• _The data_
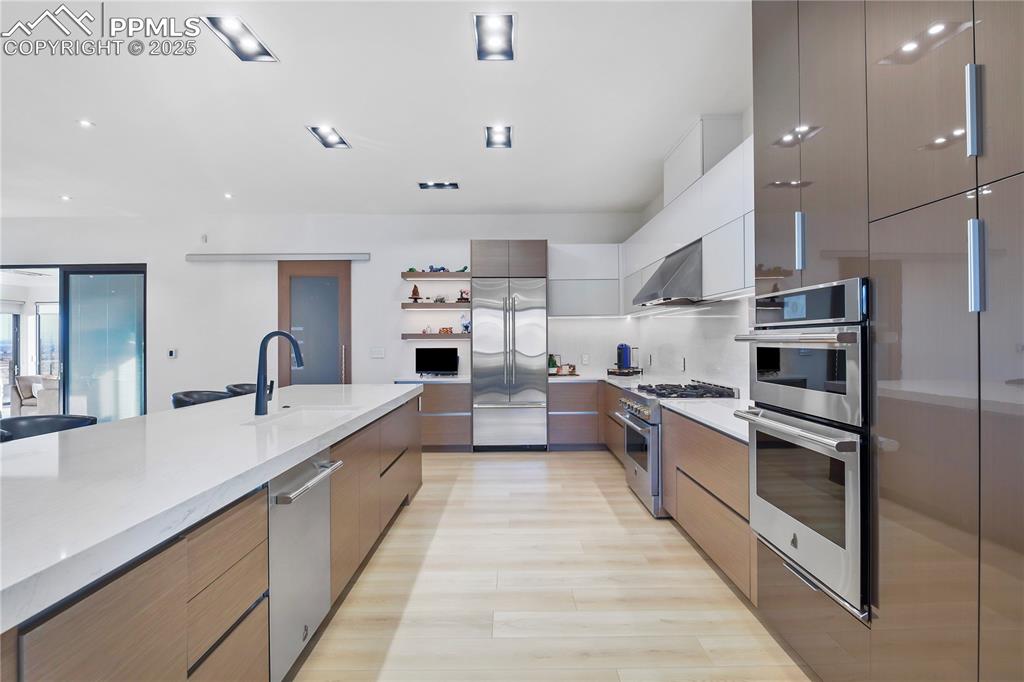 Image 11 of 50: Kitchen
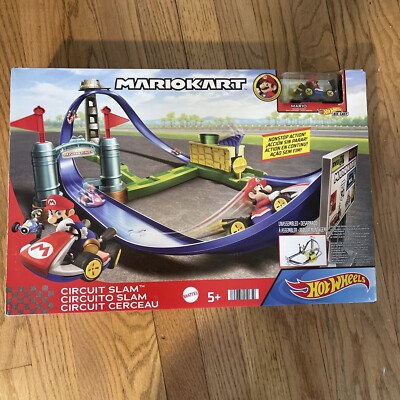 Hot Wheels - MarioKart Circuit Slam Track Set NEW IN BOX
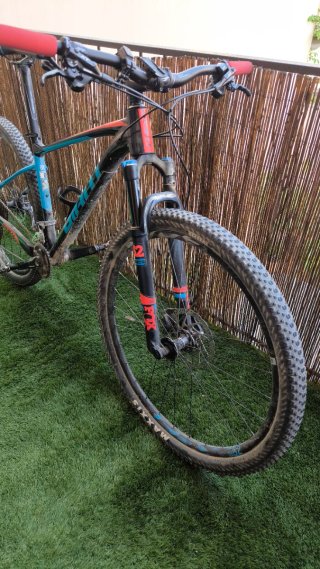 Bicicleta GIANT FATHOM 29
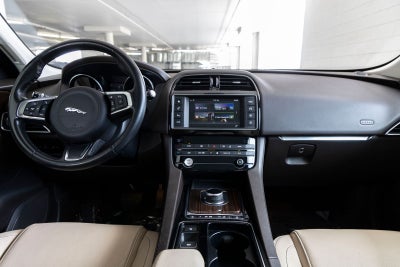 2018 Jaguar F-PACE 25t Prestige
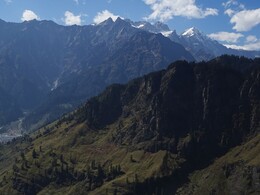     Hanuman Tibba (5860 )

• _Work instructions_
Restate word for word the lines from the one with "Bicicleta GIANT FATHOM 29" to the end of the material, both included. Do not include the pictures.

• _Response for this exercise_
 Bicicleta GIANT FATHOM 29
 2018 Jaguar F-PACE 25t Prestige
     Hanuman Tibba (5860 )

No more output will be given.